Recorrer las calles después del fuerte terremoto es descubrir casas y edificios que, en mayor o menor medida, fueron dañados en su estructura y/o en sus terminaciones. Deterioros que perjudican a quienes habitan en ellos, no sólo con la molestia y perjuicios que de ello deriva, sino también en observar la fragilidad que representa lo por las personas construido, parangón de nuestras propias vidas, y que sirve para comprender y entender el riesgo permanente en que vivimos, si no logramos construir nuestra existencia sobre un terreno sólido, sobre una firme roca.
Asumir que los daños se pueden representar por enormes sumas de dinero, es engañarnos y olvidarnos que lo realmente trascendente nunca es cuantificable. Se puede presupuestar lo físicamente dañado, pero imposible es evaluar en dinero lo que no se puede transar con monedas. Es que siempre se nos termina olvidando lo inmensurable: apreciamos cómo la naturaleza con su rabiosa personalidad daño nos causa, pero no logramos dimensionar a la pecaminosa humanidad, que con su actuar, con o sin sismo, nos da señales permanentes que los daños estructurales, no sólo radican en los bienes inmuebles, sino también en el operar de los hombres y mujeres. Pues bien, situaciones extremas como las vividas últimamente no hacen más que exponer la fragilidad de la sociedad, de nuestra propia comunidad, ya que es justamente ella misma la que ha visto tambalear su propia estructura, sin quizás los pilares que suponíamos, y exponiendo fallas estructurales donde antes veíamos lozanía.

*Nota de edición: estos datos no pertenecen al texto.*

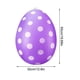thumbnail image 2 of 1 X Conejito de Pascua Decoración Colgante de Plástico Decoración Colgante de Pascua 50Cm, 2 of 6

¿Qué nos pasó? ¿Por qué siempre terminamos olvidando lo que es bueno? ¿Por qué el éxito económico como país nos reveló como una sociedad débil en lo moral? ¿De qué nos sirve tantos logros económicos y tratados internacionales, y productividades maximizadas, si finalmente como nación terminamos perdiéndonos a nosotros mismos? ¿Dónde queda nuestra alma nacional? Si bien sabemos que edificar sobre arenales tiene sus riesgos, ¿por qué no hemos sabido entonces construir nuestra sociedad sobre roca? Sobre esa misma roca en que se edificó la Iglesia, y que ha resistido dos milenios pese a la presencia del pecado, como falla geológica en la imperfección humana.
Queda claro que la moralidad puesta a prueba no resiste grandes sismos, y se muestra frágil. Tras una improvisación de la existencia, las grietas reflejadas en el alma, son el espejo de nuestra humilde condición de pecador. Construir nuestra Fe sobre roca, es construirla sobre Cristo, sobre alguien que fue marginado, rechazado y crucificado. Es construir nuestra vida con cimientos que permiten, frente a la inevitable llegada del pecado, sólo tener fisuras mínimas propias de nuestra condición humana. Por lo mismo, Dios envío a su Hijo, para que todo aquél creyese y tuviese vida eterna. Reconocer que no somos capaces de resistir sismos espirituales y que sólo el gran Arquitecto puede sostenernos, es abrir nuestro corazón, nuestra alma, nuestro espíritu, para que Él obre en nosotros, con lo que necesitamos: Fe, esperanza y amor.